Not so much that you should be concerned. It's certainly not something that can be predicted.

With string case labels, the compiler actually uses an internal hash table that maps the strings to indexes in a jump-table. So the operation is actually O(1) - independent of the number of labels.

For integer labels, then I believe the actual code that is generated depends on the number of labels and whether the numbers are consecutive (or "almost" consecutive). If they're consecutive (1, 2, 3, 4, ...) then they'll just be transformed into a jump table. If there's a lot of them, then the Hashtable+jump table (like with strings) will be used. If there's only a few labels and they're not table to be immediately transformed into a jump table, only then will be transformed into a series of if..then..else statements.

In general, though, you should write code so that you can read it, not so that the compiler can produce "faster" code.

(Note my description above is an implementation detail of how the C# compiler works internally: you shouldn't rely on it always working like that -- in fact, it might not even work exactly like that now, but at least it's the general idea).

Answer 4

It depends on how the compiler implements the switch statement.
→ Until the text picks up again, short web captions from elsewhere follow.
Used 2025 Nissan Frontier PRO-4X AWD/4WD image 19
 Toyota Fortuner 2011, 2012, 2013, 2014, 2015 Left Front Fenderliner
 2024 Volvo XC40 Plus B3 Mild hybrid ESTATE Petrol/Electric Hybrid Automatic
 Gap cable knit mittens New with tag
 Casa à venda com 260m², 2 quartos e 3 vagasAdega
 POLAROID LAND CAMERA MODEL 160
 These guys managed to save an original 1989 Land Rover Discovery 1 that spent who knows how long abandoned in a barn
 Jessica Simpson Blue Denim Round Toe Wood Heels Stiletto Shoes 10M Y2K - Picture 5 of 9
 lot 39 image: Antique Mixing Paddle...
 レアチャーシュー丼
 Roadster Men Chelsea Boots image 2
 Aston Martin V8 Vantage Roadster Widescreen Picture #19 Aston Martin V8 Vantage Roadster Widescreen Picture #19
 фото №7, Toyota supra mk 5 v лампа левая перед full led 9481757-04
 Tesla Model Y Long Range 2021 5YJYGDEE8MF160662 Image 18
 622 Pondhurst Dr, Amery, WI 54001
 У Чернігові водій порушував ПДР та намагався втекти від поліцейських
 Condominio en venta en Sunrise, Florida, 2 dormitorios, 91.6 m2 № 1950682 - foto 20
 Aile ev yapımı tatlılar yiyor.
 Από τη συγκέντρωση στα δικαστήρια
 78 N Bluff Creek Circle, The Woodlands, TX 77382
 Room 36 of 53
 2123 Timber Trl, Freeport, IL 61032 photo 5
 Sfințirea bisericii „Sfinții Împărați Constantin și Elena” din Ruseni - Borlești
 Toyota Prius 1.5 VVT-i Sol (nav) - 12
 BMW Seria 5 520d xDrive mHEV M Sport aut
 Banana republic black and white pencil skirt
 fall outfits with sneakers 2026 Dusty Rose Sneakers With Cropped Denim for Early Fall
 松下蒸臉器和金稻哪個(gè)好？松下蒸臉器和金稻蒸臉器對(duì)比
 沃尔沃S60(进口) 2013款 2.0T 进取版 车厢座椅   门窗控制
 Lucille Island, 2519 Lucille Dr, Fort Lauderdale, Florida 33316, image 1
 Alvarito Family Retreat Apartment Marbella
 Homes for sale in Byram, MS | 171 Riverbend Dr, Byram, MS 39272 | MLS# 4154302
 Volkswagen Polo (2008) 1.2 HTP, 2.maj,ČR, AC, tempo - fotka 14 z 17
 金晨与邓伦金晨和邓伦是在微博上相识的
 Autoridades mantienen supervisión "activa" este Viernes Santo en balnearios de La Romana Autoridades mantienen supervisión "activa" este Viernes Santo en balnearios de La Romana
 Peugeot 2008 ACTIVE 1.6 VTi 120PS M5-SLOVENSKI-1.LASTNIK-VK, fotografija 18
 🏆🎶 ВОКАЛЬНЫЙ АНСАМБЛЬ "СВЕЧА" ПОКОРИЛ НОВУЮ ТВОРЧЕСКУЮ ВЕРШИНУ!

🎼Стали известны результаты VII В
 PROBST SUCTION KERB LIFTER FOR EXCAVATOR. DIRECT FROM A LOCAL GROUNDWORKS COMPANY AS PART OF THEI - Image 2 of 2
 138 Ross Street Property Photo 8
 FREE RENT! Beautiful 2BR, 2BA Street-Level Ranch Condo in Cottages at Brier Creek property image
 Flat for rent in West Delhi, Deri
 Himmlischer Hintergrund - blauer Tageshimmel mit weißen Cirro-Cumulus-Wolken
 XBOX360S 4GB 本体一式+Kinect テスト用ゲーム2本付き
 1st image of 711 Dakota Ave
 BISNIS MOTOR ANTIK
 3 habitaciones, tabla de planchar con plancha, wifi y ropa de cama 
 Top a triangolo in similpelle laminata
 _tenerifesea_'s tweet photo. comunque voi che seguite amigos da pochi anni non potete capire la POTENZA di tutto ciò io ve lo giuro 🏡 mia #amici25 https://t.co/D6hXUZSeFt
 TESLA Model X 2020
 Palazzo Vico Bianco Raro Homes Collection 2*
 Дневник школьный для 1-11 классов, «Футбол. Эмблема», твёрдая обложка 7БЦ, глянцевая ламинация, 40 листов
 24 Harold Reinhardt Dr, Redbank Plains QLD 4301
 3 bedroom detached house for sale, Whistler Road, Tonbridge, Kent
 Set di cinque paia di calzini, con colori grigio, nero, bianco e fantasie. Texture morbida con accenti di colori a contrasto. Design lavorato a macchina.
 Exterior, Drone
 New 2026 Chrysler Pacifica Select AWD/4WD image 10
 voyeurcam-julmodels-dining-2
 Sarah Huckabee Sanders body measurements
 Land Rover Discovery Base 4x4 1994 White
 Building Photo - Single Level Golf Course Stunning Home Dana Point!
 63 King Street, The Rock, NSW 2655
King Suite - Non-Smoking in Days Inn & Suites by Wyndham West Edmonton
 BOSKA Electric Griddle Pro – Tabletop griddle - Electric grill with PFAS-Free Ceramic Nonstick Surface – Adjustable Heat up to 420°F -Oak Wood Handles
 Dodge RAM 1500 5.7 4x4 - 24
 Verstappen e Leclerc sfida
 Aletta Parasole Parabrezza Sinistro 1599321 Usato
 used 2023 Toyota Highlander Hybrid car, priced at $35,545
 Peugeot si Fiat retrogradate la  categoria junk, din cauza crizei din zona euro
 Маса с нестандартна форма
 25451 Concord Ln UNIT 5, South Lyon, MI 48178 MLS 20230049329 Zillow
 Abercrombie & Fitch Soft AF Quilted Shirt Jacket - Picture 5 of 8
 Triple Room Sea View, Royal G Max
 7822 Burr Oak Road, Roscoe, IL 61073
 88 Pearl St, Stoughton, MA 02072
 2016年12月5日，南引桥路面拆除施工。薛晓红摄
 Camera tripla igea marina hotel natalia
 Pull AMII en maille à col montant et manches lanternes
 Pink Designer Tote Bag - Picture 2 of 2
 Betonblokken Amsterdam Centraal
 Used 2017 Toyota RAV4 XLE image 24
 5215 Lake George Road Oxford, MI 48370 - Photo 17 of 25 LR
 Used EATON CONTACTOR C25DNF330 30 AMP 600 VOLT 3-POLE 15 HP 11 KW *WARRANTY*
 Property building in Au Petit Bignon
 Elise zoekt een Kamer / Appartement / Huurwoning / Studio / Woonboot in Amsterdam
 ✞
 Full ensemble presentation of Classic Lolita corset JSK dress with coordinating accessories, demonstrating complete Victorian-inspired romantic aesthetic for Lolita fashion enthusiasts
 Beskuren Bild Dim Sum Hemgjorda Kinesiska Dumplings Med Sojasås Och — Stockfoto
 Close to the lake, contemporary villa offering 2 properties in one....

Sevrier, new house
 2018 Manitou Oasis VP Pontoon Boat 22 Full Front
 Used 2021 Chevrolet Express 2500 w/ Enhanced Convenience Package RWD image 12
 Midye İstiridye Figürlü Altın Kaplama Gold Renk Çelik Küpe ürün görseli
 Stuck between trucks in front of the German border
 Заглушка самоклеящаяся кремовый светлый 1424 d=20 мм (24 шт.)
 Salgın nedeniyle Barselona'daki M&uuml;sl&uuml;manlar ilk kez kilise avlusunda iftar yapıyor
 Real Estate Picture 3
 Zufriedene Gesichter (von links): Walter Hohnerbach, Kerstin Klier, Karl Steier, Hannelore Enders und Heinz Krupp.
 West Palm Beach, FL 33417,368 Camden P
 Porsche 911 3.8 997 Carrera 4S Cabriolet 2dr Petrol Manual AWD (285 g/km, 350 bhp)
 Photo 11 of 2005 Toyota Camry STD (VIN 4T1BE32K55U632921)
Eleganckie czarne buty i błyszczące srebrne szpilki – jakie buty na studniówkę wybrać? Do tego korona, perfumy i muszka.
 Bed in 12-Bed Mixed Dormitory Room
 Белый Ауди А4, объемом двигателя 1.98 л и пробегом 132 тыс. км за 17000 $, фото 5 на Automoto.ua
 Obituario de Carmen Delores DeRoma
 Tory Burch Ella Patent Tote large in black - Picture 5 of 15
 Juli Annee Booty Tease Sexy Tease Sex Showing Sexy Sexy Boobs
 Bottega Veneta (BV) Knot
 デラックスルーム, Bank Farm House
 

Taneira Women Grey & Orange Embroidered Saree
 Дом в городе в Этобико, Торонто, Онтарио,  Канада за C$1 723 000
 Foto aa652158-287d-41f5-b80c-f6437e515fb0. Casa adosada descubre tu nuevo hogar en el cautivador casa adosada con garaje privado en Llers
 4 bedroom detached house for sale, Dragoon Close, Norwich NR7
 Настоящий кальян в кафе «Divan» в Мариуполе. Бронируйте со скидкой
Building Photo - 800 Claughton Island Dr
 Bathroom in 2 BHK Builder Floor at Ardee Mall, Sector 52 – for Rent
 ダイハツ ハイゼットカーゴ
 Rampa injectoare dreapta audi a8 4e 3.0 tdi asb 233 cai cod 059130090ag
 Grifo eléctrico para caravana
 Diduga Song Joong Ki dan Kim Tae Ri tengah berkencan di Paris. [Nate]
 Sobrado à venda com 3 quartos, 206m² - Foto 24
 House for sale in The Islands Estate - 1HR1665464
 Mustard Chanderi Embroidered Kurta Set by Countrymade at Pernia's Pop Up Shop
First, you can't arbitrarily permute the order; if you have one case block in a C-like language (C, C++, C#, Java, ...), and that case block does not terminate in break, you can't rearrange the cases because the absence of the break means the compiler must implement fall-through to the next case. If we ignore this special situation, you can permute the rest of the cases.

If the number of cases is small, the compiler may implement the case tests by a sequences of compares. If the number of cases is modest, it may construct a balanced binary tree from the cases. If the number of cases is large, most compilers implement an indexed branch on the switch value if it is from a dense set. If parts of the set of case values is dense, and parts are not, the compiler may partition the cases into groups using a binary tree to select which dense set, and an indexed jump within the dense set. (In fact, the compiler may technically do anything that passes control to the appropriate case, but most often it is one of the above).

You can see that order may matter, or it may not, depending on how the compiler implements the switch. For most good compilers, it does not matter much.